We rely on clinical investigators and clinical sites to enroll patients and third-parties such as CROs to manage many of our trials and to perform required data collection and analysis. Although we control only certain aspects of these third-parties’ activities, our reliance on them does not relieve us of our regulatory responsibilities. We are responsible for ensuring that each of our studies is conducted in accordance with the prescribed protocol and in accordance with all applicable legal, regulatory and scientific standards. If we or any of the third-parties working with us fail to comply with applicable cGCPs, the clinical data generated in our trials may be deemed unreliable and the FDA or comparable foreign regulatory authorities may require us to perform additional clinical trials before approval of our marketing applications. We cannot be certain that regulatory authorities will determine that our clinical trials comply with cGCP requirements. In addition, our clinical trials must use only drug product produced in accordance with cGMP regulations. Failure to comply with these regulations may require us to repeat clinical trials, which would delay regulatory approval. We may not be able to select and qualify appropriate sites for our trials. If our clinical sites fail to enroll a sufficient number of patients or fail to enroll them on schedule, we may be unable to complete our trials as planned, which could delay or prevent the clinical development of our product candidates.
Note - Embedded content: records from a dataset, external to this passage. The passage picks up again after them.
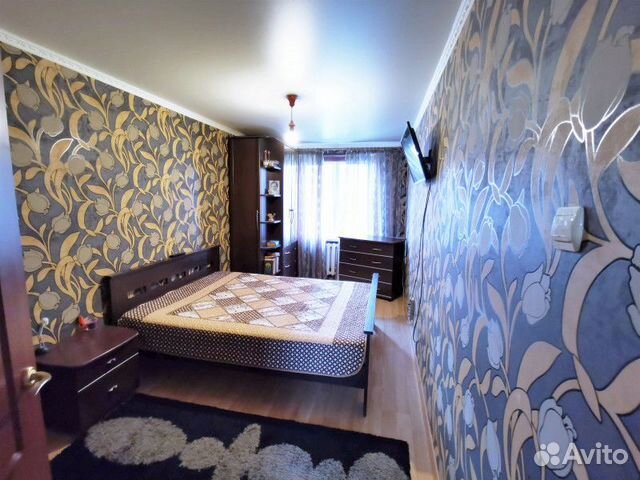 2-к квартира, 45 м², 4/5 эт. 2-к квартира, 45 м², 4/5 эт.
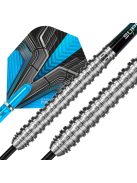 Dart szett Harrows steel 21g, Revere 90% wolfram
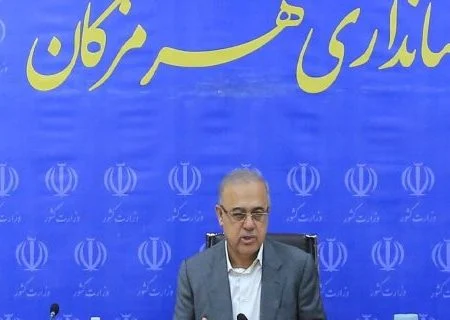 انتقال گردشگران خارجی از استان هرمزگان به کشورهای مقصد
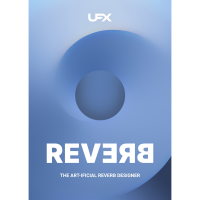 UJAM REVERB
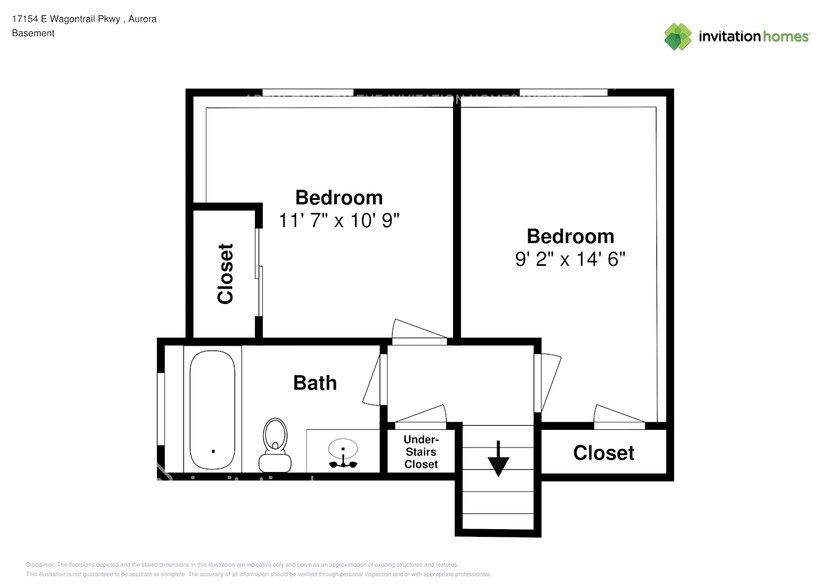 Building Photo - 17154 E Wagontrail Pkwy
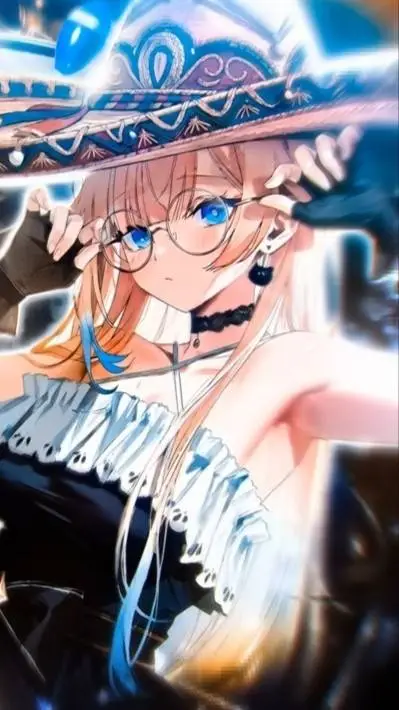 ai character: Reina background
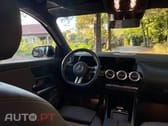 Mercedes-Benz EQA 300 4Matic AMG Line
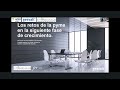 Jornada �Cu�nto vale tu empresa? La clave para una gesti�n inteligente en la PYME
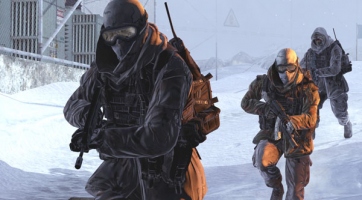 Két újabb veterán hagyta ott az Infinity Ward csapatát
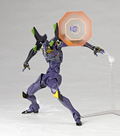 Revoltech Evangelion Evolution Evangelion 3.0 You Can (Not) Redo: EV-007S EVA-13 thumbnail 11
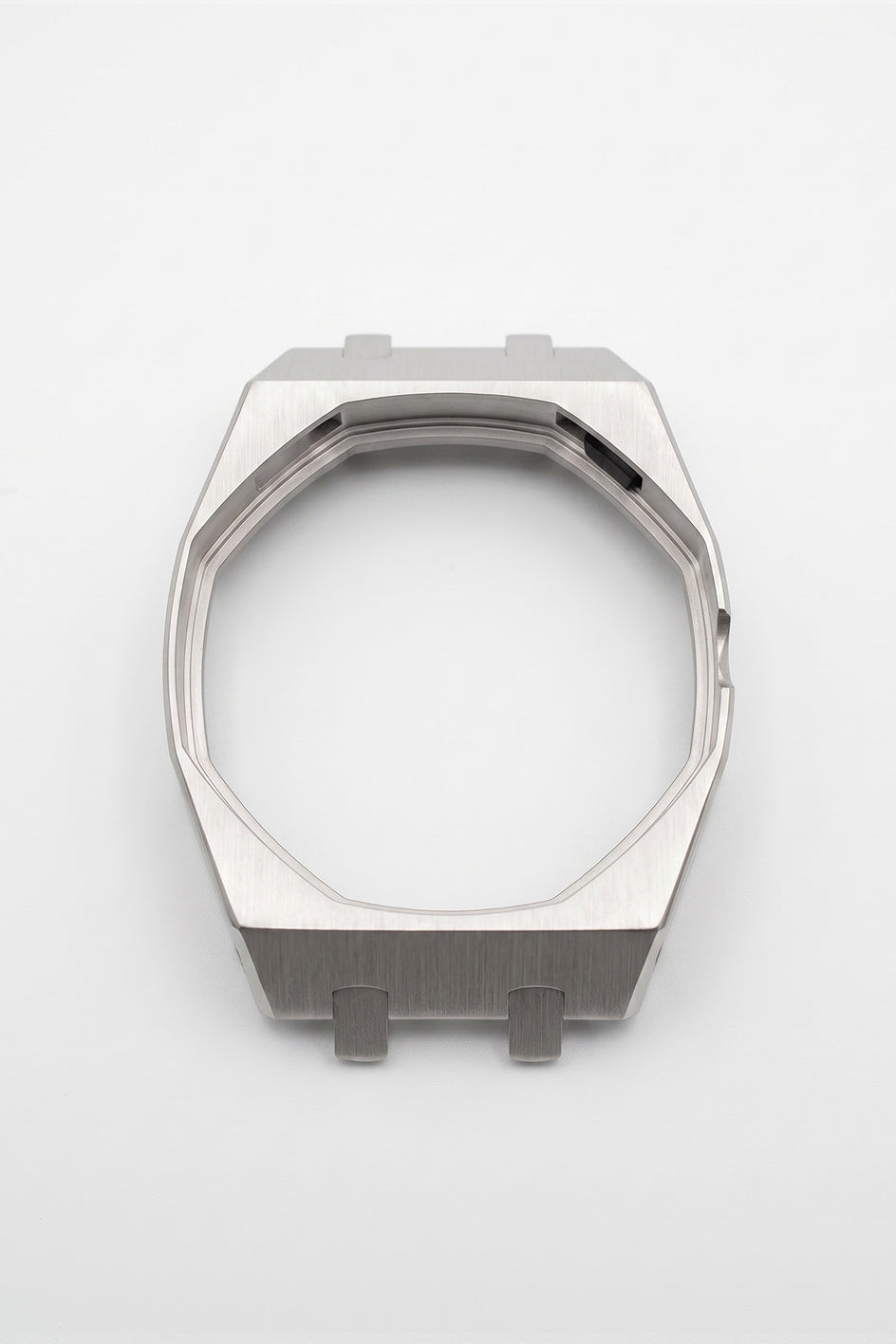 Aluminium Monocoque: Royal Pop Case [3 o'clock]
Although we have agreements with the CROs and consultants helping to conduct our clinical trials, we may not be able to maintain relationships with them or with our clinical investigators or clinical sites. If any of our agreements with these third-parties terminates, we may not be able to enter into alternative arrangements on commercially reasonable terms, or at all. If the third-parties on which we rely do not carry out their contractual duties or fail to meet expected deadlines or if the quality or accuracy of the data they obtain is compromised, our clinical trials may be extended, delayed or terminated and we may be unable to obtain regulatory approval for our product candidates.
We may be unable to obtain and maintain regulatory approvals for our product candidates.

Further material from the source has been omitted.